Et pour les six films qui ont suivi, Roger Moore était James Bond. Il y a rien à redire dessus. Il paraissait même plus crédible dans ses scènes d’action que Sean Connery. Et les histoires qu’il était chargé de porter à l’écran, après le faux pas de son premier film, il pouvait enfin se reposer sur des scenarios qui élevaient les films et facilitait ses prestations. Mention spéciale pour « The Man with The Golden Gun » qui est à mon avis, le meilleur film James Bond de l’ère Roger Moore. En passant avez-vous remarqué ? en 1964 Sean Connery jouait dans « Goldfinger », en 1974 Roger Moore jouait dans « The Man with the Golden Gun » et en 1995, Pierce Brosnan était James Bond dans « GoldenEye ». J’ai comme l’impression que, suivant ce modèle, le prochain acteur à jouer James Bond sera dans un film avec « Gold » dans le titre (quand je vous disais que en faisant ce marathon j’ai pu capter des détails qui échapperont aux gens en général).

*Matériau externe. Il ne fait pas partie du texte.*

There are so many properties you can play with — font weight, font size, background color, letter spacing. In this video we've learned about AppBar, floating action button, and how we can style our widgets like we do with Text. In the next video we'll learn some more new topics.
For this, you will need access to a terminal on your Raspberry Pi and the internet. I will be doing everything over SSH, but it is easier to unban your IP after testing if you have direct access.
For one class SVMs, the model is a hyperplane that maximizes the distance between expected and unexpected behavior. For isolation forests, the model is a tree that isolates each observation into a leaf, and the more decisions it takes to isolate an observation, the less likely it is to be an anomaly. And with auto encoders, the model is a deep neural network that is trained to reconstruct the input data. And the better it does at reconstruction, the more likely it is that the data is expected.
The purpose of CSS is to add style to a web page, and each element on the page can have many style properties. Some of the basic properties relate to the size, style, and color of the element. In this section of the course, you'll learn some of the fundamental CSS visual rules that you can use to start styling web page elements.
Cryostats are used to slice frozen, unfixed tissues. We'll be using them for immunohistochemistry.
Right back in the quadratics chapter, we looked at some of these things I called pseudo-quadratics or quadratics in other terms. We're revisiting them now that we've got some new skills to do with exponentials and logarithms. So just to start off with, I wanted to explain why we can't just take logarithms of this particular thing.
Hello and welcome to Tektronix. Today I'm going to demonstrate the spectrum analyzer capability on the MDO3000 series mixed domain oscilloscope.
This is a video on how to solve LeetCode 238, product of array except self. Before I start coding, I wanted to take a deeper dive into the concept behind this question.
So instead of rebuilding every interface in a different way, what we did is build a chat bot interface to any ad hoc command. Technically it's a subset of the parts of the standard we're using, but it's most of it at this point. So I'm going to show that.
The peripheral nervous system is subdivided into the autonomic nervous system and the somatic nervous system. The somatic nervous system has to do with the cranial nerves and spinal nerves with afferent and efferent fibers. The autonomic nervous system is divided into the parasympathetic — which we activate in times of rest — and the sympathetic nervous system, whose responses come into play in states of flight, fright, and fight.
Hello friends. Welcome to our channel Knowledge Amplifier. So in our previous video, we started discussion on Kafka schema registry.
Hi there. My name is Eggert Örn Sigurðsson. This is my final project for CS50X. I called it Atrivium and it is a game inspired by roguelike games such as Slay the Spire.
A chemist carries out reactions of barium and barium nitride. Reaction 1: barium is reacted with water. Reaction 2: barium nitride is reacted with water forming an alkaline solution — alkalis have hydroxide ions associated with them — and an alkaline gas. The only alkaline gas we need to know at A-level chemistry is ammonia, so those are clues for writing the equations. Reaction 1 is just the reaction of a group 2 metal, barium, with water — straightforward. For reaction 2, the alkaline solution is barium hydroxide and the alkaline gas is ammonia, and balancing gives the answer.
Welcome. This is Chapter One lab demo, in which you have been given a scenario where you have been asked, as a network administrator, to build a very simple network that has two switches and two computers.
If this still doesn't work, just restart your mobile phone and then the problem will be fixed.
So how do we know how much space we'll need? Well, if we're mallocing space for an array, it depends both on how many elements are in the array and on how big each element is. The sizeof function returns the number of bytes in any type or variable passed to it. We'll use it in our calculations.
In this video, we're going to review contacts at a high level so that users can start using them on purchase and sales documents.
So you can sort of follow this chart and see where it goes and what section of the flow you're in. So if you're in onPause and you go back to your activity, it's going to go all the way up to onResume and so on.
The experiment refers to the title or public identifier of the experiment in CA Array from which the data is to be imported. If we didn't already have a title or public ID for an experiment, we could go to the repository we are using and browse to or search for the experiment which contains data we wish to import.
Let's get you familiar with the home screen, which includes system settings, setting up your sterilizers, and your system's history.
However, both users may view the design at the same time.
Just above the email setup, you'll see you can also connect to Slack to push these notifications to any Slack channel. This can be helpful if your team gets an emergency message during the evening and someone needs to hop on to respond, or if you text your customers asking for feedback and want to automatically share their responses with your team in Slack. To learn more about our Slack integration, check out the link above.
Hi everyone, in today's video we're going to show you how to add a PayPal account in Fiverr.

En parlant de ça, vous avez vu la bande annonce du prochain « Mission Impossible : Rogue Nation » ? Oui, cette scène dans laquelle Ethan Hunt, le personnage joue par Tom Cruise, est accroché a un avion alors que celui-ci est en train de décoller. Oui, Roger Moore (ou son stunt double) l’a fait dans « Octopussy » en 1983.

Mais parlons donc des femmes du James Bond de Roger Moore. Beaucoup dirait que de toute les James Bond Girls apparues jusqu’en 1985. La plus mémorable serait la toute première, apparue dans « Dr. No » avec Sean Connery. Probablement à cause de sa scène d’entrée la montrant émergeant de l’océan en bikini. Scène qui a également été utilisé dans des films plus récent (mais bon). Je suis totalement en désaccord avec ces personnes. Luisant comme un phare au milieu de cet océan de femmes faciles on trouve Barbara Bach, qui jouait Major Anya Amasova dans « The Spy Who Loved Me ». C’est la première à réellement tenir tète a Bond, surtout qu’elle est présentée comme la version féminine russe de James Bond. Elle finira par tomber et se laisser embrasser mais de tous les films que j’ai vu, c’est elle qui reste le personnage féminin le plus marquant de la saga.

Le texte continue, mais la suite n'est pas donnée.